> [Task objective] Search the entries for the word "Carte" and copy each line that has it.

> [Data for analysis]
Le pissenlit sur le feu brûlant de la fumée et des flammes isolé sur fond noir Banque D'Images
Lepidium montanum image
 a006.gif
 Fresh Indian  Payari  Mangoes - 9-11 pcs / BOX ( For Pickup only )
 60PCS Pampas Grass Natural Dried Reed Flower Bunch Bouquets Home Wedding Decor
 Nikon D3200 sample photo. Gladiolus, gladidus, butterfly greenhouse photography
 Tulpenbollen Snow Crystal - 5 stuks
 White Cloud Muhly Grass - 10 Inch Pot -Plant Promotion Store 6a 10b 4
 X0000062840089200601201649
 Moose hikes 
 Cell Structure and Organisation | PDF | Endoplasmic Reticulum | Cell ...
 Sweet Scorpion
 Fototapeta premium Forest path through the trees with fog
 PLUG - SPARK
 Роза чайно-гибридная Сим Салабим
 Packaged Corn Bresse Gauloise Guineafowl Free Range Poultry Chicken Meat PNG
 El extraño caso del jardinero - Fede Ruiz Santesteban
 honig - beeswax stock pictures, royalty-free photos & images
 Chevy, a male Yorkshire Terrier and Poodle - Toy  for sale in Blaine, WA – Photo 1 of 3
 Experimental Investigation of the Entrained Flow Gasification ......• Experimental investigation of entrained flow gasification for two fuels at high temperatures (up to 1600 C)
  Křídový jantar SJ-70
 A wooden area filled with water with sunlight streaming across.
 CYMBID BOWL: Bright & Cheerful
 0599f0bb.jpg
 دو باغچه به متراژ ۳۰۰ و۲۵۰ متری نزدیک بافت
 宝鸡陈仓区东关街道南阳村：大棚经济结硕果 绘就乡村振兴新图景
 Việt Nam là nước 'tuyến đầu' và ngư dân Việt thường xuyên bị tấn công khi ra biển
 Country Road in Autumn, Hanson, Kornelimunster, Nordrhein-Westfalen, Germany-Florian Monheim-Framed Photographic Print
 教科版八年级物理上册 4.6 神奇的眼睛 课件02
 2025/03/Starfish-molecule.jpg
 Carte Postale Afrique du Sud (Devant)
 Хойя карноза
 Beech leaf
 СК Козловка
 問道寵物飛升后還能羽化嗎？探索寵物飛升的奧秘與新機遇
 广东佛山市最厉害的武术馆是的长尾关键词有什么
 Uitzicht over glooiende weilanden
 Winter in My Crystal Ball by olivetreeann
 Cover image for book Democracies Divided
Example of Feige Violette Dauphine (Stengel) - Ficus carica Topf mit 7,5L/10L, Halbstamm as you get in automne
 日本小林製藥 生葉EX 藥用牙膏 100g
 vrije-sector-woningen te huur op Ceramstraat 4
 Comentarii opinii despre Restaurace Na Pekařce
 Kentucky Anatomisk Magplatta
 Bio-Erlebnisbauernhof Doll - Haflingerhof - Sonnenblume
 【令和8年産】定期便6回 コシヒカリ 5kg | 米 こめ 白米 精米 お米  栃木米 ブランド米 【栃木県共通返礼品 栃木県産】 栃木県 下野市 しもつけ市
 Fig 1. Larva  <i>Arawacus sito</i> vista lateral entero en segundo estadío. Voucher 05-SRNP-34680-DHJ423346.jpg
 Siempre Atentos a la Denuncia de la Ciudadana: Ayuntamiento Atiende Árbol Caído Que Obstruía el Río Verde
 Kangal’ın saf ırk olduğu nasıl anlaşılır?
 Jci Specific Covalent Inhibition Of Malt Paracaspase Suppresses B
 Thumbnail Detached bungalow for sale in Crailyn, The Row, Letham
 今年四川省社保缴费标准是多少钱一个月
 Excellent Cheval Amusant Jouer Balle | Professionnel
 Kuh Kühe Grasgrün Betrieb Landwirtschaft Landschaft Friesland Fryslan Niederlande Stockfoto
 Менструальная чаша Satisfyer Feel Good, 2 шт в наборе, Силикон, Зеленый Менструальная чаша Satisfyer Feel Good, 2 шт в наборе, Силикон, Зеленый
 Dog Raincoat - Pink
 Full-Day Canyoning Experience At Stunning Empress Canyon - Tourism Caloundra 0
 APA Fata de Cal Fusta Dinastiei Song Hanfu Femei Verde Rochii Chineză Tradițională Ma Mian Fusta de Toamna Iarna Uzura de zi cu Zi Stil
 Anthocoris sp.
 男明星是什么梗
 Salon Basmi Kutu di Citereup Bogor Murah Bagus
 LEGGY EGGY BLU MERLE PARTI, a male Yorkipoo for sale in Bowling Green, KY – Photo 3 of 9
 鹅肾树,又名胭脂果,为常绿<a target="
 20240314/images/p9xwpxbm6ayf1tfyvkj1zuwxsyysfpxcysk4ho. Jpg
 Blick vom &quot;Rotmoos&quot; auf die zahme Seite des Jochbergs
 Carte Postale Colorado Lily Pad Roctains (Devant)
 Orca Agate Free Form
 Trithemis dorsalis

> [Task output]
 Carte Postale Afrique du Sud (Devant)
 Carte Postale Colorado Lily Pad Roctains (Devant)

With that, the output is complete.